Ambitious International Solar Power Export Plan Moves Ahead
A first of its kind project that carries solar-generated electricity through an undersea cable will soon be a reality. A 2,360-mile cable will carry power generated by a PV plant in Australia, all the way to Singapore. A route survey for the cable will soon begin.
Dubbed ‘The Sun Cable Project’, this ambitious project is backed by two of the most prominent billionaires from Australia. Software giant Atlassian’s co-founder Mike Cannon-Brookes, along with Fortescue Metals’ Andrew Forrest – are funding the project with multi-million sums. The survey order was awarded to Guardian Geomatics, while the project will be undertaken by Sun Cable.
‘Sunshine to Asia’
Sun Cable describes the project as ‘Sunshine to Asia’ in one of its press releases. Singapore currently relies on imports of Liquid Natural Gas for about 95% of its energy requirements. As such, it is vulnerable to variations in the oil and gas markets. The Sun Cable project will fulfill a fifth of Singapore’s total energy requirements.
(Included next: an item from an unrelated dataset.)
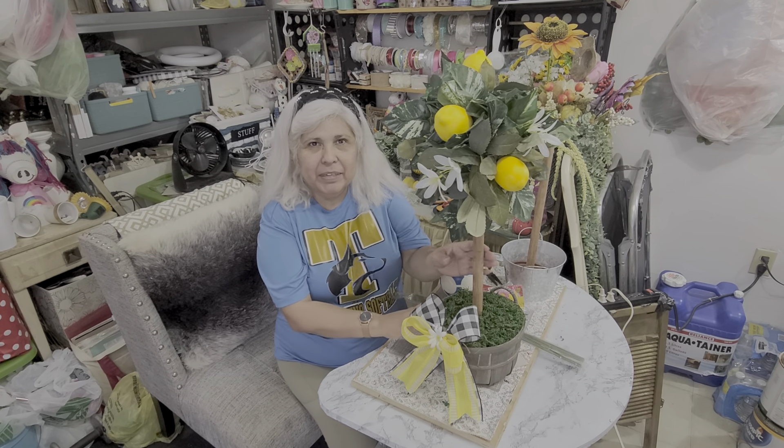Hi everyone, this is Olivia back with Crafting with Ollie. Today we are going to be making this lemon tree.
Australia’s political relations with Singapore and geographical location will allow for the High-Voltage-DC (HVDC) cable to be a successful project. The total project cost stands at an astounding $13.1 billion. There are plans to link the cable to Indonesia as well.
Sun Cable’s CEO David Griffin hopes that the financials for the project will close around 2023 and the commencement will be in 2027. In a statement, Andrew Forrest has said that “Australia has the potential to be at the center of our region’s transition to clean energy”. Meanwhile, while speaking at Atlassian’s Sydney office, Cannon-Brookes said that Australia should be a superpower in a carbon-constrained world of technology.
Tennant Creek in Australia’s Northern Territory will house solar panels that spread over 15,000 acres. The plant will also have a battery-storage system to support continuous operation. The total power capacity is slated to be 3GW.
The plant will also use 5B’s modular mounting structures, which come prefabricated with 6-panels clamped in each rack. The rapid-deployment structures will significantly reduce the time required to install the panels.
Image showing 5B’s Maverick mounting systems (source – Sun Cable)
Blessed with plenty of sunshine for a good part of the year, Australia can rapidly move up on the solar installed capacity numbers. In the recent years, it has even started to act in that regard. Besides the Sun Cable project, Pilbara’s ‘Asian Renewable Energy Hub’ is another highly ambitious Australian project which plans on having a 15GW hybrid solar and wind energy plant.